15 Janvier 2010
Créé le 15.01.10 à 15h00
AFRIQUE REDACTION |ERUPTION VOLCANIQUE | RDC | Mis à jour le Vendredi |15.01.10 à 15h10 | Bonne année à tous et merci de votre visite !
Les populations de la zone de Goma au Nord-Kivu, dans l’est de la République démocratique du Congo, ne sont pas directement menacées par le volcan Nyamulagira entré en éruption au début de ce mois parce que la lave se dirige vers le Parc national de Virunga (PNVi), affirme l’Observatoire volcanologique de Goma (OVG).

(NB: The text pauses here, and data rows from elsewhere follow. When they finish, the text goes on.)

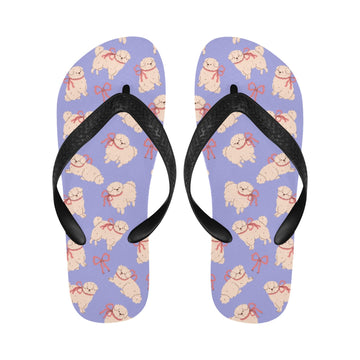Fluffy Maltese Bliss with Bows Unisex Slippers-19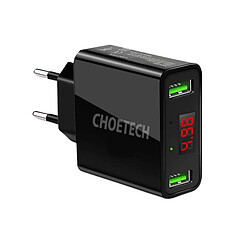 choetech dual-port wall Chargeur avec digital ecran 11w 2 x usb-a eu plug noir (c0028)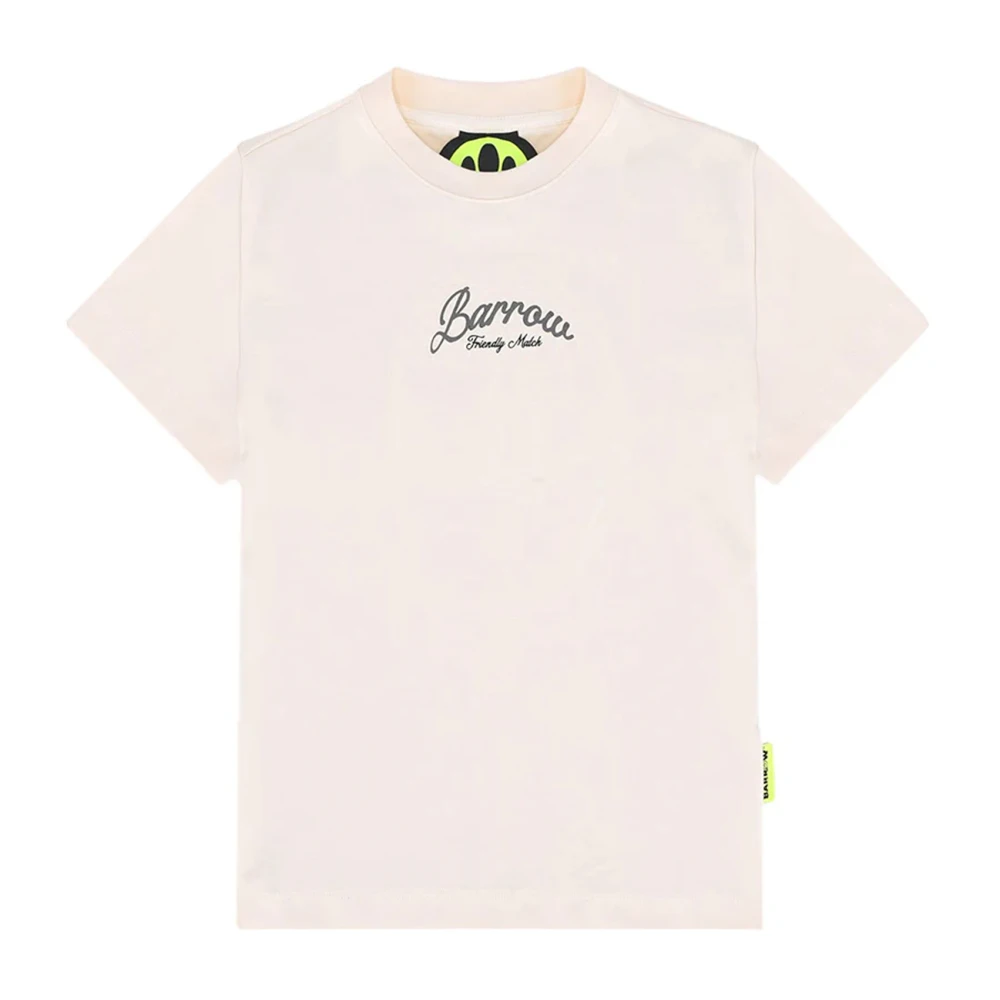 Barrow Beige Kids Short Sleeve T-Shirts, Unisex, 12 Y, Short Sleeves Ivory Cotton T-Shirt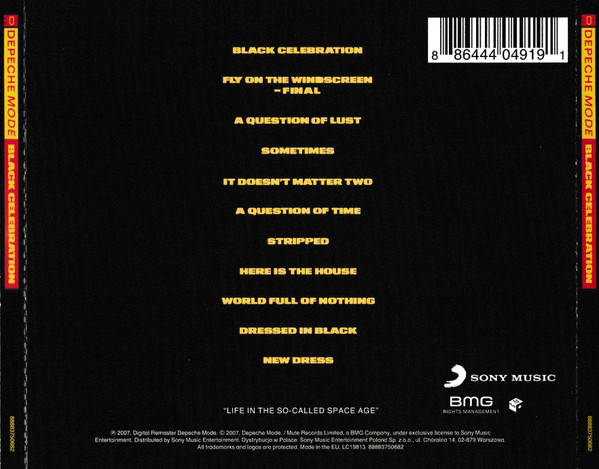 CD DEPECHE MODE — BLACK CELEBRATION (REMASTERED) 
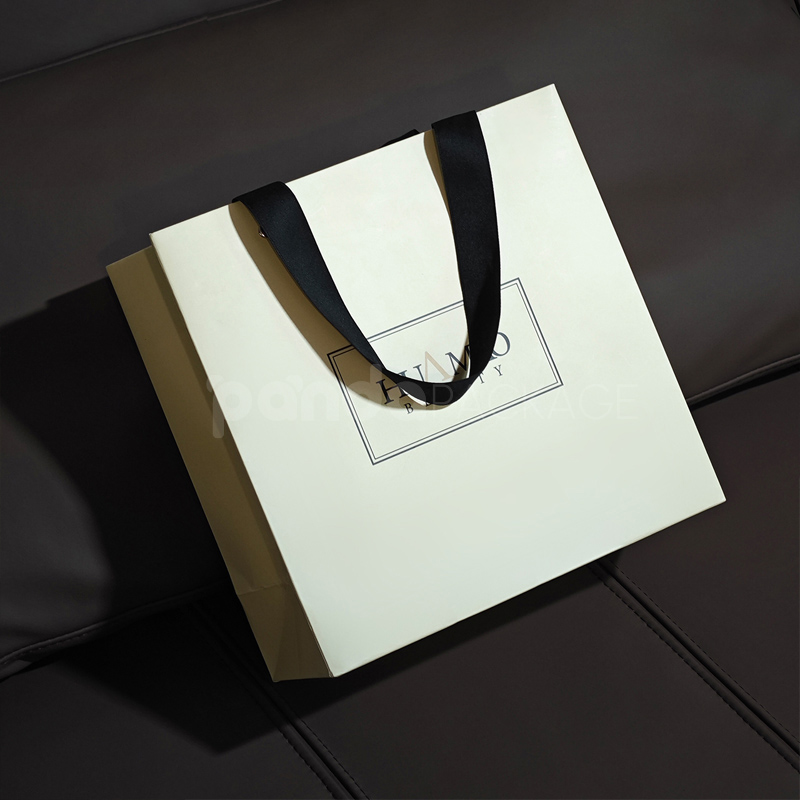 Premium Cream Gift Bag with Black Handle Accents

Pourtant, Goma, qui est le chef-lieu de la province du Nord-Kivu, est située à 22 kilomètres seulement du volcan. Mais, située à plus de 200 kilomètres du cratère, la ville de Bukavu, dans le Sud-Kivu, prend peur et panique parce qu’elle reste encore traumatisée par le tremblement de terre meurtrier de février 2008, qui avait affecté Bukavu et ses environs, une partie de Goma ainsi que de la province de Cyangugu au Rwanda, frontalière de Bukavu.
«L’activité du volcan Nyamulagira reste soutenue et ne va pas s’arrêter de sitôt. La coulée se dirige dans le PNVi, elle vient de passer de 15 à 200 mètres de largeur en trois jours. Elle s’allonge plus lentement parce qu’elle passe d’une zone en pente à celle moins raide et presque plate. Elle n’a progressé que d’une quarantaine de mètres en trois jours», explique le directeur général de l’OVG, Katcho Karume.
Toutefois, a-t-il indiqué à IPS, le vent a changé de direction et des cendres sont tombées sur la ville de Goma sans occasionner de dégâts.
Même à Sake, l'importante localité la plus proche dans la direction où avance la lave, à une vingtaine de kilomètres au sud-ouest du Nyamulagira, la population n'est pas directement menacée, malgré la gêne occasionnée depuis plusieurs jours par les retombées des cendres. "La population est alertée et continue d'observer des mesures d'hygiène. L'eau du robinet n'est pas affectée, mais celles des pluies le seront fortement", souligne le vulcanologue.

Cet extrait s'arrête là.